Consistent with previous publications, we used an ex vivo model of inflammation where whole blood was stimulated with a canonical inflammatory stimulus such as LPS (100 ng/mL for 24 h) to induce an inflammatory response. Cytokines are the driving factors for inflammatory and immune response. Thus, we decided to evaluate the secretion of two of the major pro-inflammatory mediators, IL-6 and TNF-α, in the different experimental conditions used in this study. The ELISA test performed in the whole blood culture supernatant for IL-6 and TNF-α showed a significant increase in the secretion of these pro-inflammatory cytokines compared with the LPS-stimulated group, serving as our positive control group. As shown in Figure 1, when stimulation with LPS was performed in the presence of CBD (50 and 100 μg/mL) we observed a significant reduction in cytokines secretion. We observed a dose dependence effect of CBD; when compared to CBD 50 μg/mL, the dose of CBD 100 μg/mL produced a bigger inhibitory effect on IL-6 and TNF-α release in whole blood supernatant.

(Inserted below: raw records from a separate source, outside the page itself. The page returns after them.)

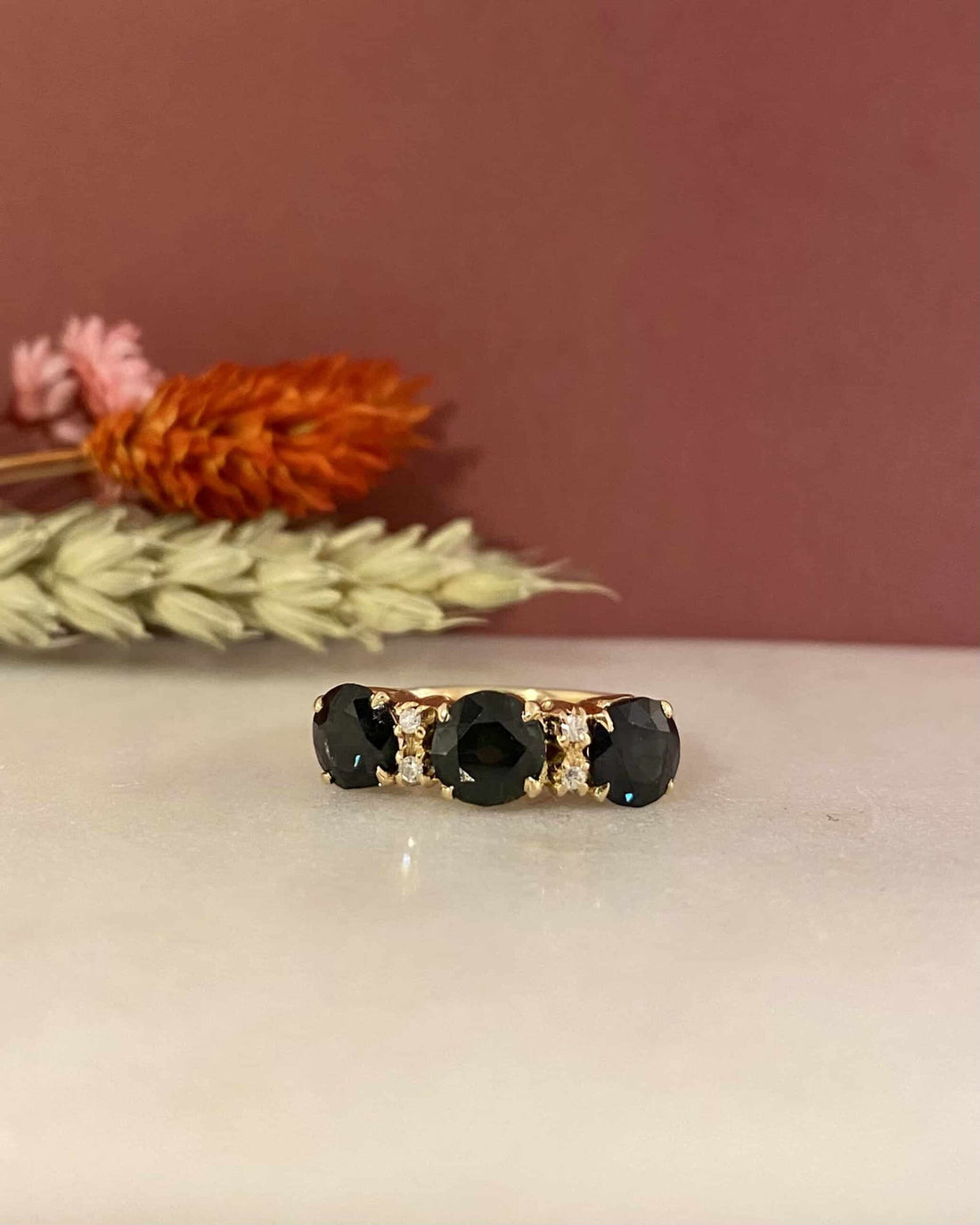 Anillo "Rita" de 3,30 quilates con zafiro verde y diamantes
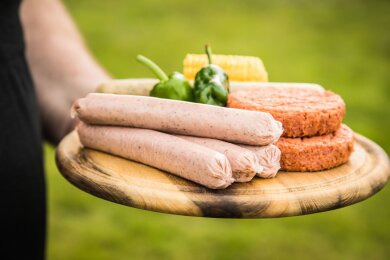 Ob die veganen Grillwürstchen fürs BBQ tauglich sind, wollte die Zeitschrift "Öko-Test" wissen und unterzog 19 Produkte einem Labor- und Geschmackstest.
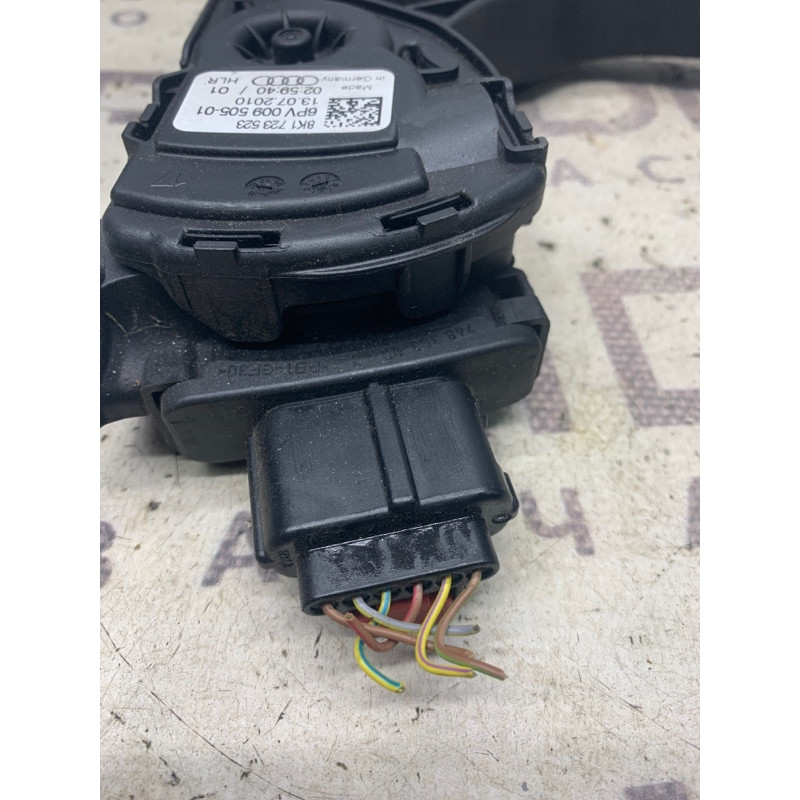 Педаль газа (электрика двигателя) Audi Q5 8R 2010 8k1723523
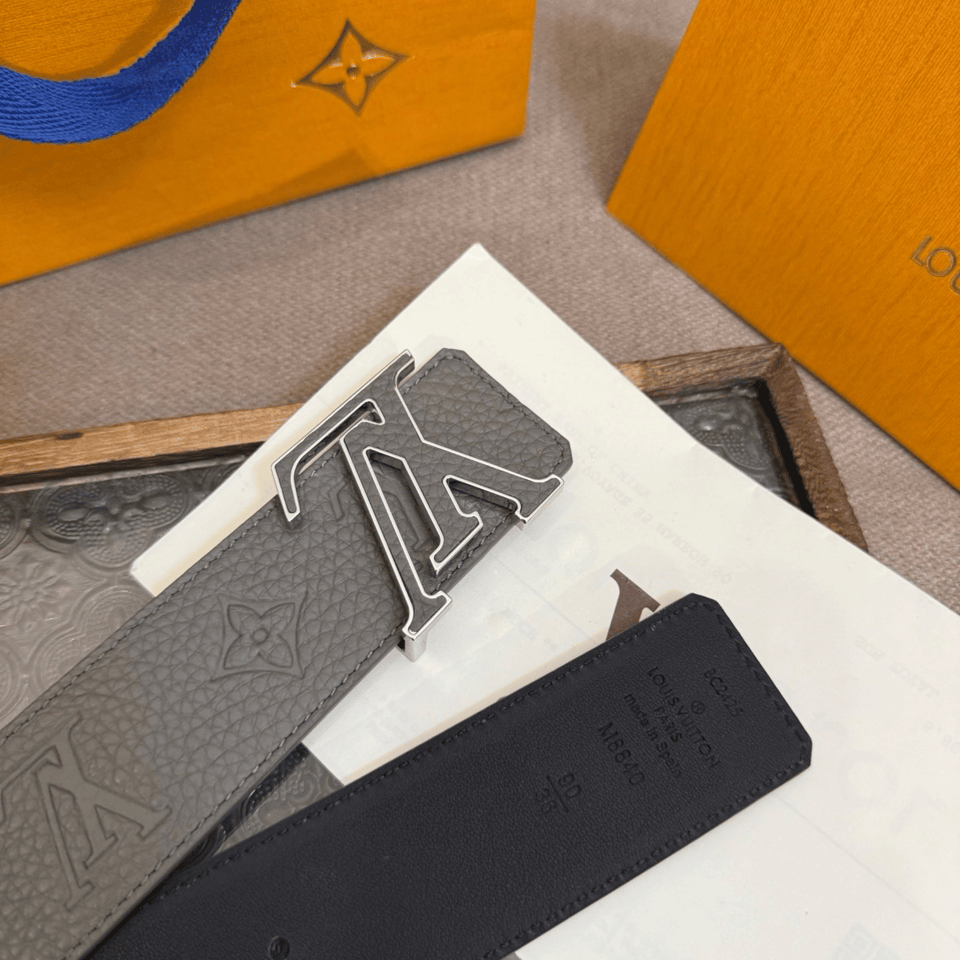 Lv Monogram Embossed 40mm Belt For Men view 4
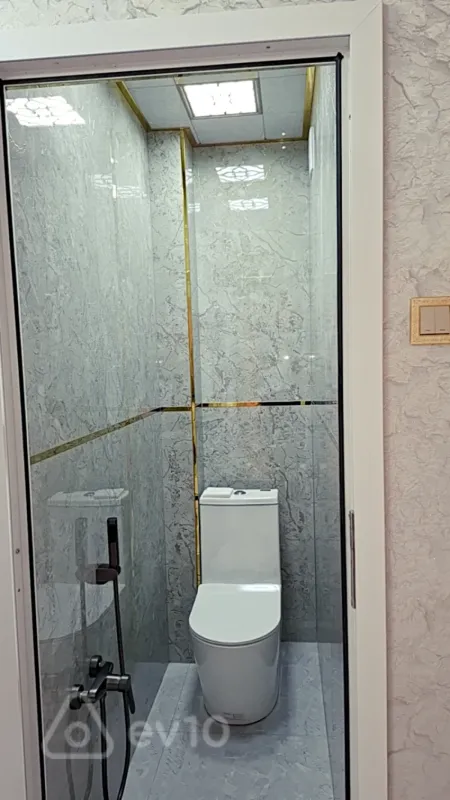 Satılır 5 otaqlı köhnə tikili 111 m²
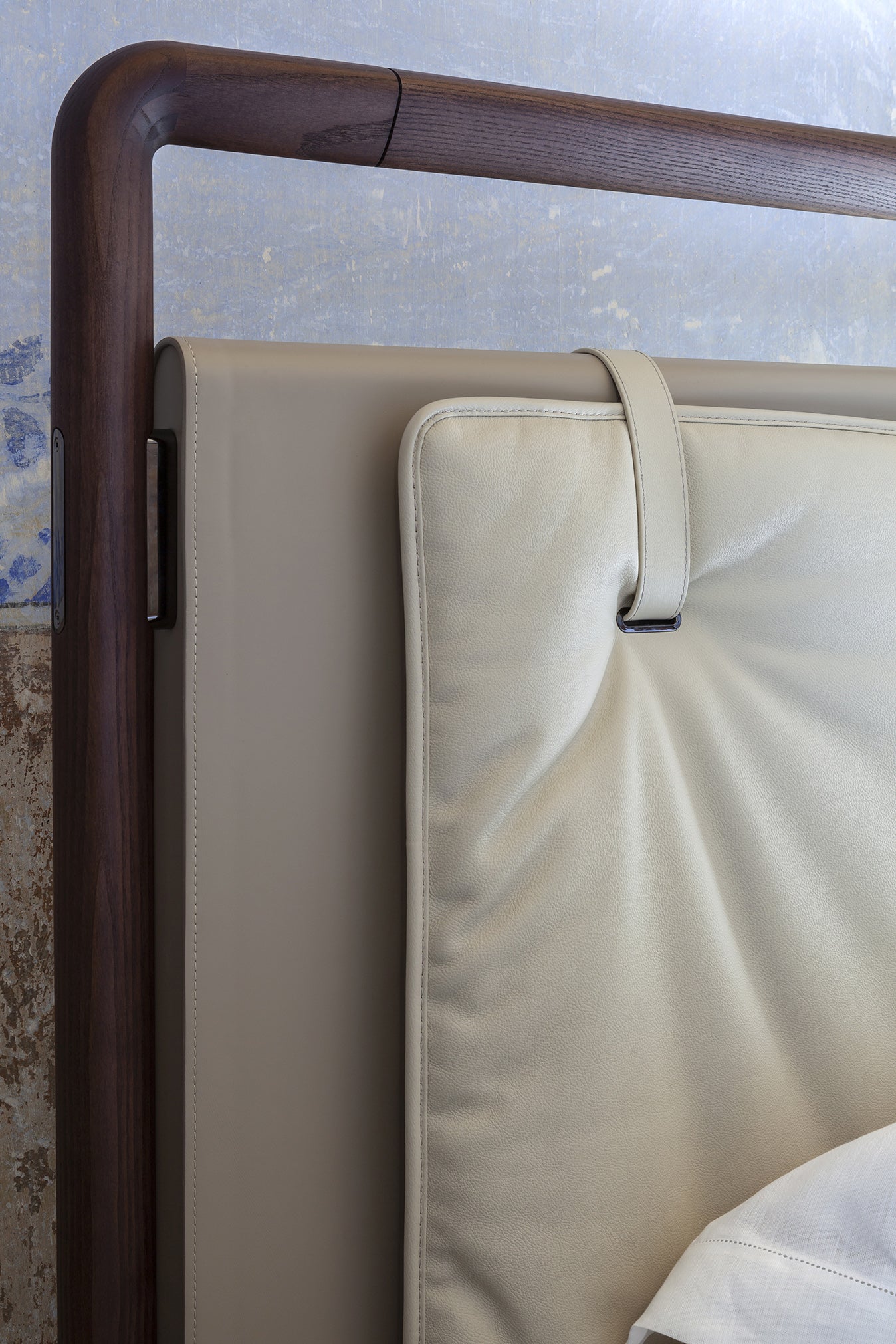 poltrona frau volare due bed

3.2. Effect of CBD on IL-10 in LPS Stimulated Whole Blood

Next, we evaluated the trend of IL-10 as a major anti-inflammatory cytokine. Furthermore, IL-10 plays a key role in the function regulation of several immune cells. Consistent with previous studies, the whole blood stimulation with LPS induced an increase in the levels of IL-10 compared to the control [15,22]. Interestingly, we found that CBD did not alter the levels of IL-10 (Figure 2); instead, we observed a slight trend in IL-10 levels after the treatment with CBD in a dose-dependent manner. As shown in Figure 2, we evaluated the TNF-α to IL-10 ratio to highlight a shift in inflammatory phenotype [22]. Our results show a significant increase in the TNF-α to IL-10 ratio induced by LPS, while the CBD produces a significant decrease in the TNF-α to IL-10 ratio in a dose-dependent manner.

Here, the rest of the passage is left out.